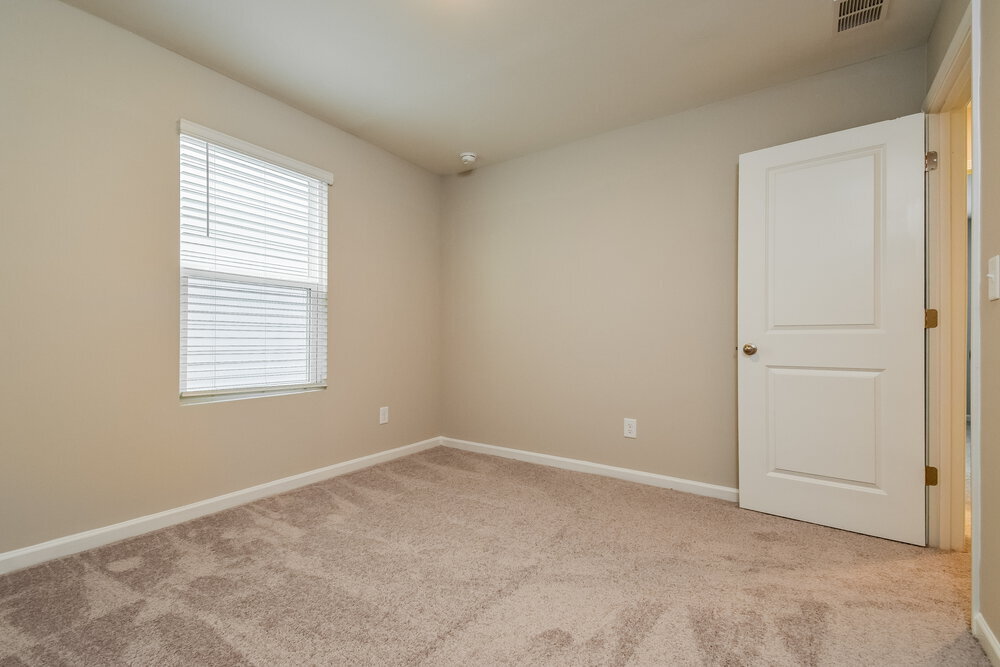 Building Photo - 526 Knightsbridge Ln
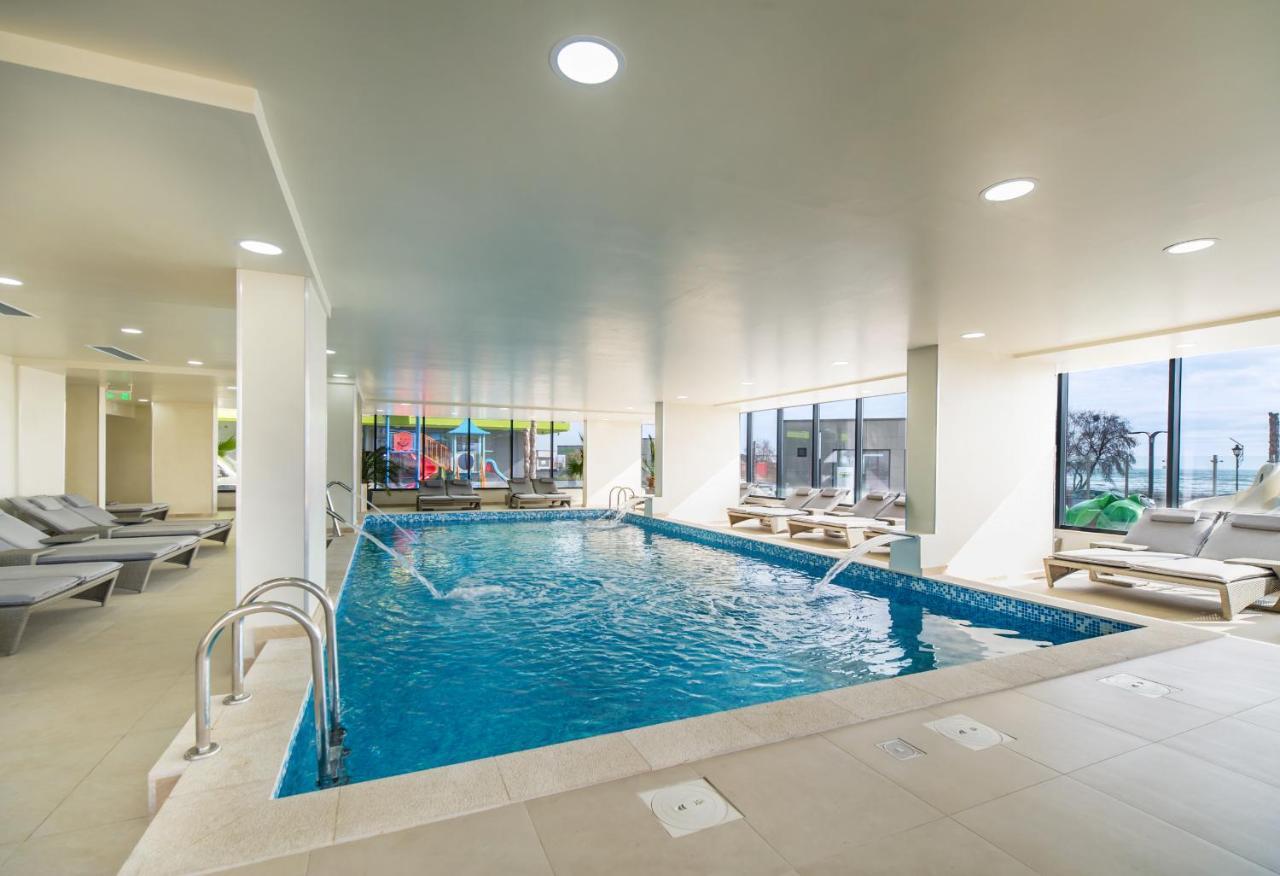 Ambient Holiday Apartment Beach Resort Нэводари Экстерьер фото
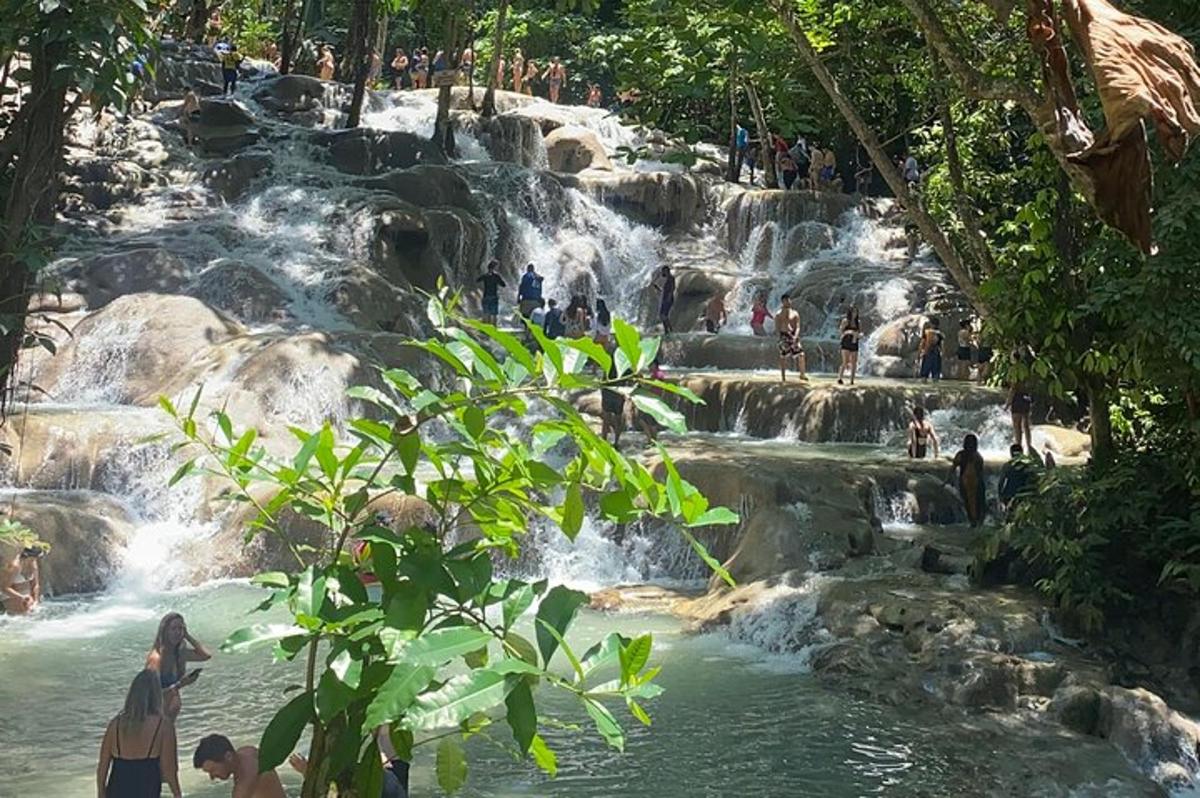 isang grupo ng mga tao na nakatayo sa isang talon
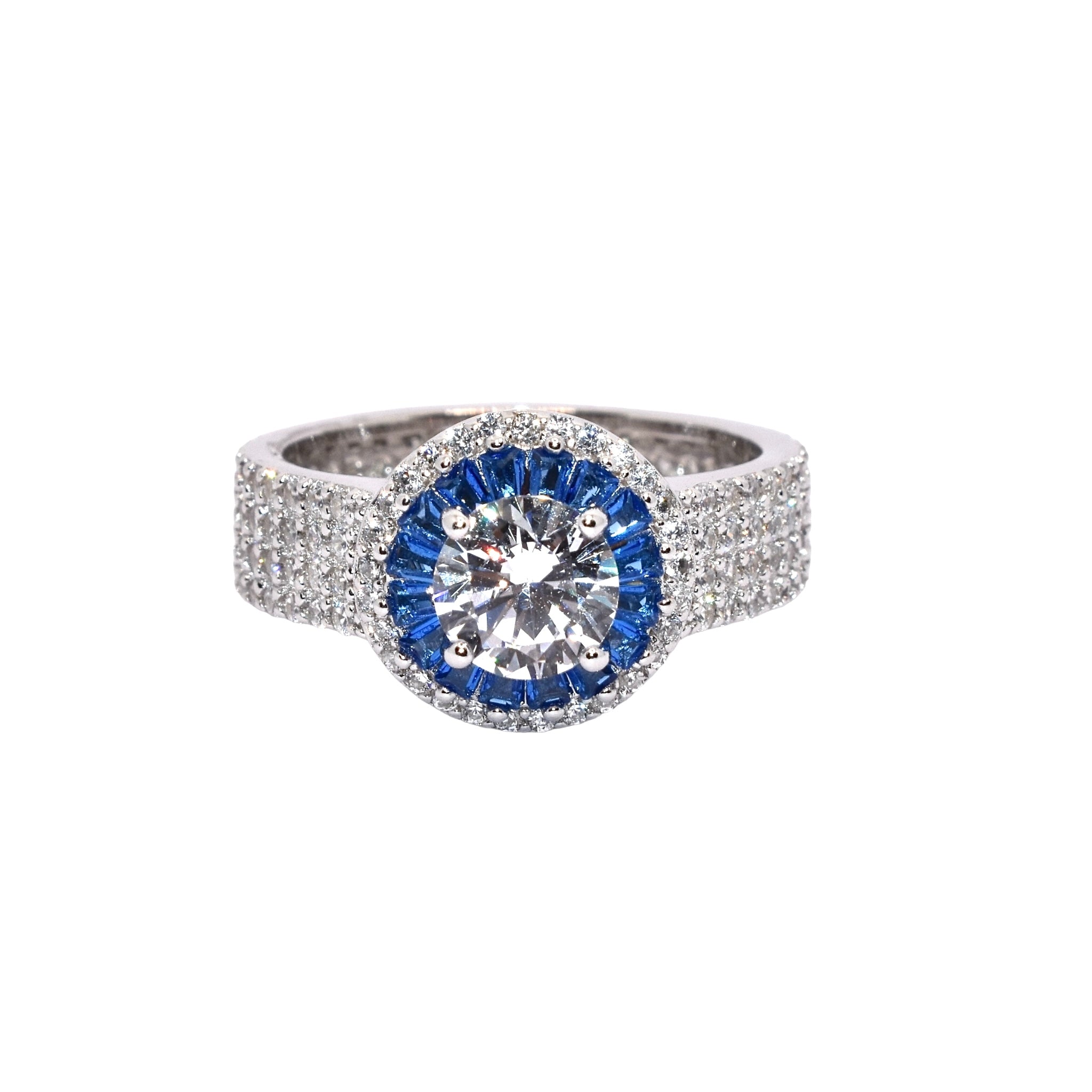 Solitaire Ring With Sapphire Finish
--
Repeat the data word for word. Images are not part of the copy.

▶ _Answer to this exercise_
 Building Photo - 526 Knightsbridge Ln
 Ambient Holiday Apartment Beach Resort Нэводари Экстерьер фото
 isang grupo ng mga tao na nakatayo sa isang talon
 Solitaire Ring With Sapphire Finish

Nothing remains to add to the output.